The action of the group $SL_3(\mathbb{F}_p)$ on the group $\mathbb{F}_p^3/\{0\}$

Question

Proof that the natural action of $SL_3(\mathbb{F}_p)$ on the group $\mathbb{F}_p^3/\{0\}$ is transitive action. ($\mathbb{F}_p$ is finite field of order p which is prime) Any clue?

Answer 1

1. Justify that for any integer $n$ and any field $K$, $e_1:=(1,0,...,0)$ and any $v\in K^n-\{0\}$ you can find $M\in GL_n(K)$ such that $Me_1=v$ (this is a linear algebra property).

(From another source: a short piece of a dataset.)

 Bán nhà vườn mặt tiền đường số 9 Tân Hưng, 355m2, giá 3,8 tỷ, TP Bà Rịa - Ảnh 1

2. Let $n\geq 2$. By multipliying $M$ by a well chosen matrix show that you can find $M'\in SL_n(K)$ such that $Me_1=v$ (your matrix will be diagonal with a lot of $1$'s).

Answer 2

Note if the matrix is 3x3, let the elements in its first column be $a_1$,$a_2$,$a_3$, and all other entries be 0 then it acts on (1,0,0) and sends it to ($a_1$,$a_2$,$a_3$). Now consider the matrix with the first elements in its first row as $(a_1)^{-1}$. And other entries being 0. It will send ($a_1$,$a_2$,$a_3$) in $F^3$\ {0} to (1,0,0). Hence using (1,0,0) as the intermediate, in $F^3$\ {0}, and suitable matrices in $M_3(F_p)$, we can send any vector ($a_1$,$a_2$,$a_3$) to any other vector ($b_1$,$b_2$,$b_3$). Hence the action is transitive. Now the matrix that sends (1,0,0) to ($a_1$,$a_2$,$a_3$) is with determinant 0 so it isn't in $SL_n(F_p)$. So to bring it in $SL_n(F_p)$, replace the zero entries in the above matrices with suitable elements from field to make the determinant 1, ensuring it still acts the same way.